Lieutenant Governor-elect of Colorado
- Governor: Elias M. Ammons
- Died before taking office

Personal details
- Born: 1834 Denver, Colorado, US
- Died: December 29, 1912 (aged 77–78) Colorado Springs, Colorado, US
- Party: Democratic
- Children: Willis Saxe Montgomery (1857 – 1944) Editha Montgomery (1896 – 1897)
- Occupation: Politician

= Benjamin F. Montgomery =

American politician (1834–1912)

Benjamin Franklin Montgomery (1834 – December 29, 1912) was an American politician elected lieutenant governor of Colorado in 1912, but died before he could take office.

== Life and career ==
Benjamin F. Montgomery was born in 1834, in Denver, Colorado. He became interested in mining and ranching. For four years, during the boom days of Cripple Creek, then in El Paso County, he lived in that town and during that time he represented El Paso County in the legislature. He was prominent in the councils of the local Democratic Party during his residence there.

== Death and aftermath ==
In his later years, he lived on a farm near Rifle, Colorado, with his son.

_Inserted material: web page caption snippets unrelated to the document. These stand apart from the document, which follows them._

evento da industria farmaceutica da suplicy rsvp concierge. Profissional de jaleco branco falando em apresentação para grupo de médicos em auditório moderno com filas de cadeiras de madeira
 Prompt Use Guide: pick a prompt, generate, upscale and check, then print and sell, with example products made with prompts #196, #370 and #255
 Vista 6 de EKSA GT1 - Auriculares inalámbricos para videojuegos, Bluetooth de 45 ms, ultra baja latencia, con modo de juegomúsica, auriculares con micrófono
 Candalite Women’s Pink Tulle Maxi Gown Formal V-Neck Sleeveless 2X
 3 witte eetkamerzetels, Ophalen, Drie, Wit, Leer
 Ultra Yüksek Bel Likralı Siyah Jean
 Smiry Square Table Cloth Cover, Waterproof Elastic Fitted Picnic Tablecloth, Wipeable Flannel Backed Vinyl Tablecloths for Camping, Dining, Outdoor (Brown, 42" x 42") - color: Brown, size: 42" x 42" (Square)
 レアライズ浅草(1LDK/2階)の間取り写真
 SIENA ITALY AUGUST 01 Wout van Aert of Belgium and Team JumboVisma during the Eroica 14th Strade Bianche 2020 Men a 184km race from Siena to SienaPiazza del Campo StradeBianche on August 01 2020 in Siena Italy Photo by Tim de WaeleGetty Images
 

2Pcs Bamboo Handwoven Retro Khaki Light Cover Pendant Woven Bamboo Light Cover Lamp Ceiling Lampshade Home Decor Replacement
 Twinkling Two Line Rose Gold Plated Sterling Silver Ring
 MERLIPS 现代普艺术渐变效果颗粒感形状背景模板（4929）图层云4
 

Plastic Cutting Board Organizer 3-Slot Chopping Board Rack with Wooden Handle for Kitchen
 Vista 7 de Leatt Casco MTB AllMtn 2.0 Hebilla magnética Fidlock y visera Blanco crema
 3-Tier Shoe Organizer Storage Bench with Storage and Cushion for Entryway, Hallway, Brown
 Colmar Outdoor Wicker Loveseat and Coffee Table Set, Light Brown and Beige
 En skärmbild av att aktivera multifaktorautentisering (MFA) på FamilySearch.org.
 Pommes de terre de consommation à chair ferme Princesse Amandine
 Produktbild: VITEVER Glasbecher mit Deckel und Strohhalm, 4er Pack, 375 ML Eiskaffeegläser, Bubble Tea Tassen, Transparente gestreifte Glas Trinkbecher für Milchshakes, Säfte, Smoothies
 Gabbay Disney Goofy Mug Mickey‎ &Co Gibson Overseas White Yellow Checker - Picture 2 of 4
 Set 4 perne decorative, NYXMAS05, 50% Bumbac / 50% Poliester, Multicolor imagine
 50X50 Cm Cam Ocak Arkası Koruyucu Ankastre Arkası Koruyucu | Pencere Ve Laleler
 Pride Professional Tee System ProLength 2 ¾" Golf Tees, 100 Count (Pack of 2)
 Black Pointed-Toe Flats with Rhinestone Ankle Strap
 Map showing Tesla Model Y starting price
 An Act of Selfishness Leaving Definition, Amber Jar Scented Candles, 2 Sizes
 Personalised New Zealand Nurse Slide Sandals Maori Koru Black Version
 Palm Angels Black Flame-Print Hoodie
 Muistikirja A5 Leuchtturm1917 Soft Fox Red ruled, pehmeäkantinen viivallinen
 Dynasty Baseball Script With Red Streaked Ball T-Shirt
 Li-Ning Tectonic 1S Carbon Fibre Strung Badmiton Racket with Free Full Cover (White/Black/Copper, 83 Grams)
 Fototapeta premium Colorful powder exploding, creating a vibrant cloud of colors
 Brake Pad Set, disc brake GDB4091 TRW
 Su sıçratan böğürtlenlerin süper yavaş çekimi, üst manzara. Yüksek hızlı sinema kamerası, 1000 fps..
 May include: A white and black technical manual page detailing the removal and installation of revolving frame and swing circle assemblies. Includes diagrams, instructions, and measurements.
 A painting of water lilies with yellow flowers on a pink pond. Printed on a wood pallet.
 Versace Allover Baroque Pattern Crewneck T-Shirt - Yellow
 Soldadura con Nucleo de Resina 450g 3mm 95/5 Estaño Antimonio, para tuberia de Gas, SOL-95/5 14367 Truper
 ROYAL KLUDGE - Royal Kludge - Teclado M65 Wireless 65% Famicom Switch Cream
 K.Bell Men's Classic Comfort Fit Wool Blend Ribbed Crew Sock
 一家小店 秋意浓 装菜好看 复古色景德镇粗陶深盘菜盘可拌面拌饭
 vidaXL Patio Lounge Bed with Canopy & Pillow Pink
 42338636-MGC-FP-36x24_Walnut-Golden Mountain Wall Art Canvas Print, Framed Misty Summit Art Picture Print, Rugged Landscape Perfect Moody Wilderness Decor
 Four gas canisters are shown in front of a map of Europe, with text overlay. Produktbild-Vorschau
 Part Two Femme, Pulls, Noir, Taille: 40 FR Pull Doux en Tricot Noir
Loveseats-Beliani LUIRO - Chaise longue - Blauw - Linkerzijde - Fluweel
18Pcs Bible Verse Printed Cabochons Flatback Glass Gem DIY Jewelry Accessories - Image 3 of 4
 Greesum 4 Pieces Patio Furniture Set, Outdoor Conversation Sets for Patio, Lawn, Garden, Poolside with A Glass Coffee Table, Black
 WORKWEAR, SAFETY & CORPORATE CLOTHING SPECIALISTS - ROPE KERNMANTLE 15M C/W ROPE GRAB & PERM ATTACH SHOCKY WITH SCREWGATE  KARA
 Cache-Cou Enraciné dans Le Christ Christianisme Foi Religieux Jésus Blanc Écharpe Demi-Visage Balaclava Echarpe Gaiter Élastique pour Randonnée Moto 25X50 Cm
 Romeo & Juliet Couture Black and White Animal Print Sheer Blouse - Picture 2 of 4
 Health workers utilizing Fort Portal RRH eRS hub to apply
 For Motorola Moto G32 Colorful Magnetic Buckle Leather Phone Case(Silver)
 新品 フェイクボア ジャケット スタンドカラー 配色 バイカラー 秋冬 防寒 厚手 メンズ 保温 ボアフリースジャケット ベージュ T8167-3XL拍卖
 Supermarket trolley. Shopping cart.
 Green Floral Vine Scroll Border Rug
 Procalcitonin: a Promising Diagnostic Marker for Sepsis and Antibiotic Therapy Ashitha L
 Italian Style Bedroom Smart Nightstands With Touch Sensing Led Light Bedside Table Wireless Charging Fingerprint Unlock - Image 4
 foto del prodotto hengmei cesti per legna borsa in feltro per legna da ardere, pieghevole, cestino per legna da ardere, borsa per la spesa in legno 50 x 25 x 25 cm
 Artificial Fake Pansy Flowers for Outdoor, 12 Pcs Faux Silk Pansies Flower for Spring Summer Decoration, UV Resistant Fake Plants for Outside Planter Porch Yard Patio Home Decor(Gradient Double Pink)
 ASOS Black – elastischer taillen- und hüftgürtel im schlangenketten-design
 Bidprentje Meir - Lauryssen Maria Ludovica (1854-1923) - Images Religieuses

Less than two months after his election as lieutenant governor, Montgomery died on December 29, 1912, of laryngitis. Funeral services were held in Denver and he was buried at Evergreen Cemetery in Colorado Springs.

After Montgomery's death, Stephen R. Fitzgarrald was appointed as his successor by the newly elected governor, Elias M. Ammons. Fitzgarrald had served as lieutenant governor since 1909 and had not sought re-election, but agreed to take Montgomery's place, serving out his term until it expired in 1915.